Four profiles of the overlapping cases in which Ion 1, Ion 2, and Ion 3 represent the monoisotopes of each ion involved in overlapping.

According to the rules of the decision tree, all of the peaks in spectra can be classified by the calculated values of V for its potential isotope peak groups. It is noted that each peak will be classified into one and only one class. Specifically, a given peak p0 is judged as noise if all of the values of V corresponding to the overall groups of potential isotope peaks are classified into Class 1. If it is classified into Class 2, then the monoisotopic mass M = M × z − (z − 1) × 1.0078 is selected to present a potential fragment ion. Furthermore, if peak p0 is classified into Class 3, then two or three monoisotopic masses will be obtained according to the overlapping cases. Finally, some masses corresponding to the peaks that have been classified into Classes 2 and 3 are selected prior to database searching.

Application

We applied our preprocessing method on four different datasets of Q-TOF mass spectra, including 54 spectra from tryptic digestion peptides (, 20 spectra of Glu-Fibrino peptide B, 9 spectra of the mixture of standard peptides measured during different time, and 7 spectra of the tryptic peptides of bovine serum albumin protein (the Research Centre for Proteome Analysis, Key Laboratory of Proteomics, Institute of Biochemistry and Cell Biology, Shanghai Institutes for Biological Sciences), which were denoted as PepLutefisk, PepGFB, PepMix, and PepBSA, repectively. For performance metrics, we gave some definitions as follows. Firstly, a peak is called a real peak if its corresponding mass matches with a known theoretical ion; otherwise, it is called an invalid peak. In this paper, the known theoretical ions include the predominant a-, b-, and y-type of ions 12., 13., immonium ions 14., 15., and other less important ions such as c-, x-, and z-type of ions 12., 13., internal fragment ions formed by a combination of a- and y-type cleavages 14., 15., and ions with lost ammonia and water (. It is noted that there are some peaks that really correspond to fragment ions but the corresponding masses cannot match with any known theoretical ions because the knowledge of collision rules in CID is not complete at present. Consequently, the invalid peaks include noise peaks and some peaks corresponding to fragment ions but its ion type is unknown to human beings. Secondly, it is called a true positive (TP) if a real peak is classified correctly; otherwise it is called a false negative (FN). Similarly, it is called a true negative (TN) if an invalid peak is classified correctly; otherwise it is called a false positive (FP). Finally, sensitivity and specifity are used to measure the performance of classification.
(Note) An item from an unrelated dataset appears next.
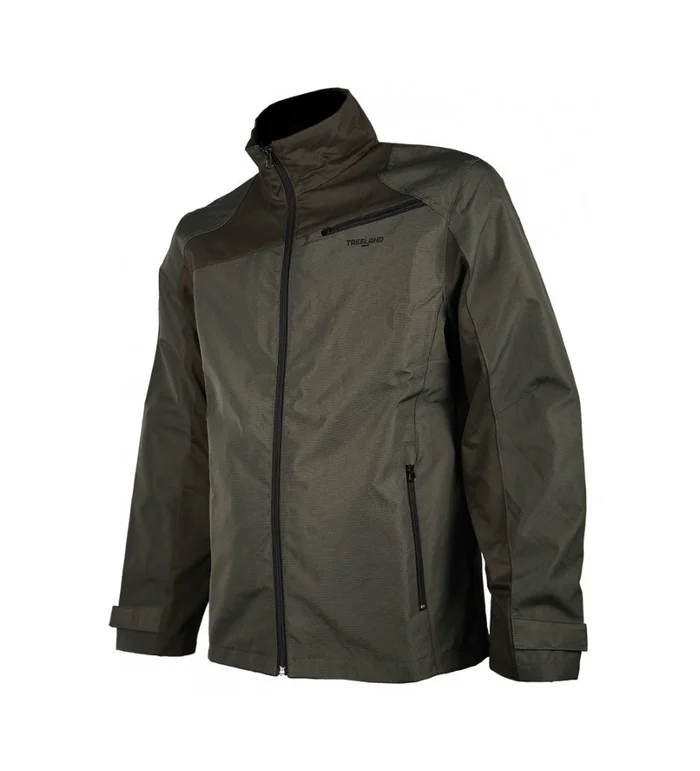 Veste Oxford verte Maquisard Treeland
Here, sensitivity is defined as TP/(TP+FN) and specifity is defined as TN/(TN+FP). In our experiment, 900 cases were selected as training samples and 429,156 cases were selected as testing samples. The experimental results are summarized in Table 1. From the table, it can be observed that the ratios of peak selection in the four datasets are all lower than 5%. The low selecting ratios can improve the speed of database searching greatly since the less the number of selected peaks, the simpler the computing of the subsequent identification process.

Table 1

Classification Performance of the Preprocessing

Data	No. of spectra	No. of total peaks/No. of selected peaks	Ratio of peak selection	Sensitivity	Specifity
PepLutefisk	54	89,256/3,721	4.168%	97.94%	99.06%
PepGFB	20	180,088/2,408	1.337%	97.77%	99.66%
PepMix	9	51,836/1,799	3.471%	93.68%	97.99%
PepBSA	7	18,720/789	4.215%	94.50%	97.76%

As we know, it is the real peaks that make certain the identification of peptides. The more selected real peaks, the higher the accuracy of identification. Therefore, the sensitivity of classification is very important for the identification. The detailed results on sensitivity are depicted in Table 2, where two kinds of FN samples are given in the last column: one is the peaks corresponding to the predominant a-, b-, and y-type of ions, and the other is the peaks corresponding to other less important types of ions. From the data, it can be observed that the former FN is much less than the later FN, which means that the lost but important information in classification is few. Compared with sensitivity, the specifity of preprocessing is less important for two reasons: Firstly, the number of invalid peaks is related to the purity of testing samples and the knowledge of collision rules in CID while the knowledge of collision rules is not sufficient and needs improvement, hence the computing of specifity is not absolutely objective; Secondly, most peaks are invalid, thus a small number of classification error has little effect on the value of specifity.

Table 2

Detailed Performance on Sensitivity of the Preprocessing

Data	No. of selected peaks	No. of real peaks in spectra*	No. of TP	No. of FN a-, b-, y-type/other type
PepLutefisk	3,721	2909	2,849	11/49
PepGFB	2,408	1796	1,756	1/39
PepMix	1,799	775	726	9/40
PepBSA	789	379	358	3/18

Peaks whose corresponding masses match with the known type of theoretical ions.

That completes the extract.